= EXERCISE INSTRUCTIONS =
Set down, exactly and only, everything from the line containing "In order to" down to the line containing "After adding all" in the data below; the pictures are not part of the copy.

====== GIVEN RECORDS

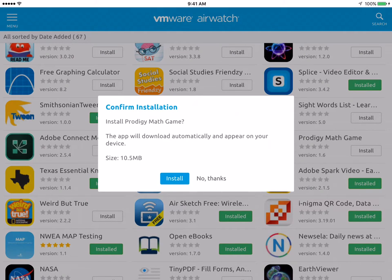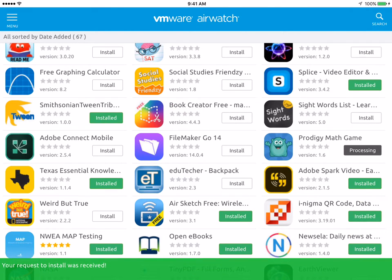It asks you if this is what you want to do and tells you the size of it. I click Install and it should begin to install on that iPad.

============
====== GIVEN RECORDS

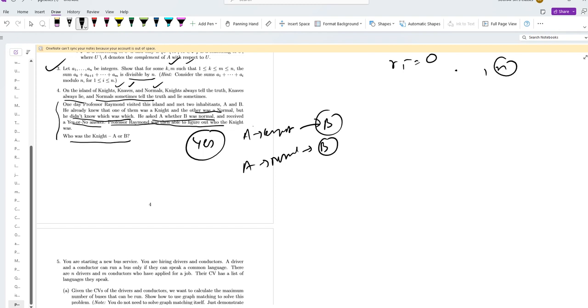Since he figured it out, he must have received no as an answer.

============
====== GIVEN RECORDS

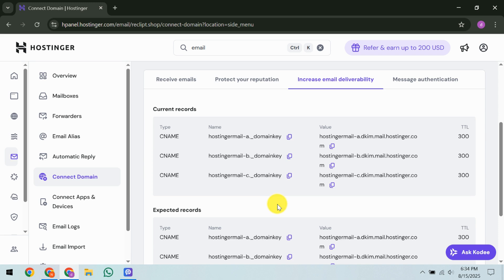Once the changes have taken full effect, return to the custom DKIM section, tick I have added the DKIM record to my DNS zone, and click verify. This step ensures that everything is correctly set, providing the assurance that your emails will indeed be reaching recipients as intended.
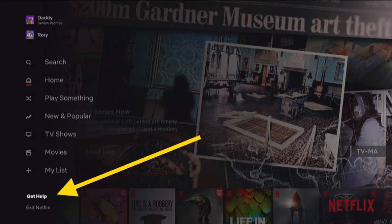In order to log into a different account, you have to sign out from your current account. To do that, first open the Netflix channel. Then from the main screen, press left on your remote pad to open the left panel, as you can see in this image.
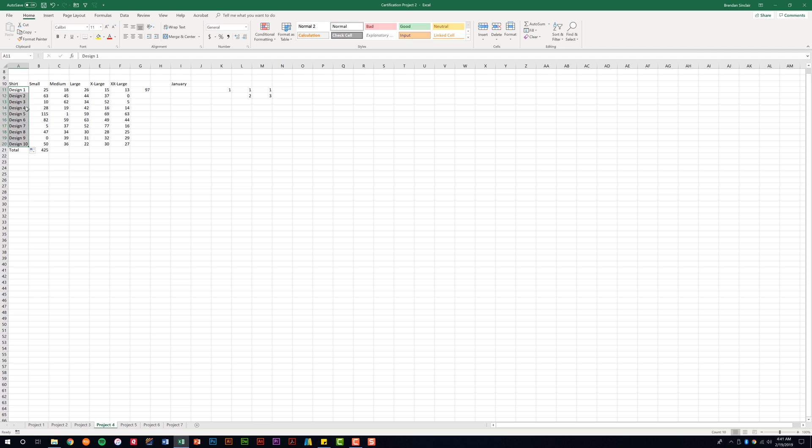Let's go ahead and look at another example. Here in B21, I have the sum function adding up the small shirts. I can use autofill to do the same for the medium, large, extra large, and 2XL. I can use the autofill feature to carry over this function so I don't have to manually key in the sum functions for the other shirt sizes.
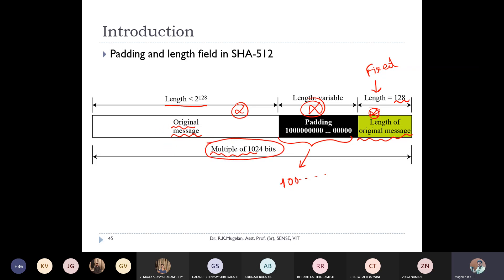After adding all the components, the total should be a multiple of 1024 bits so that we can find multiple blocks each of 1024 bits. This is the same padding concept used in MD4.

============

= SOLUTION TO THE PROBLEM =
In order to log into a different account, you have to sign out from your current account. To do that, first open the Netflix channel. Then from the main screen, press left on your remote pad to open the left panel, as you can see in this image.
Let's go ahead and look at another example. Here in B21, I have the sum function adding up the small shirts. I can use autofill to do the same for the medium, large, extra large, and 2XL. I can use the autofill feature to carry over this function so I don't have to manually key in the sum functions for the other shirt sizes.
After adding all the components, the total should be a multiple of 1024 bits so that we can find multiple blocks each of 1024 bits. This is the same padding concept used in MD4.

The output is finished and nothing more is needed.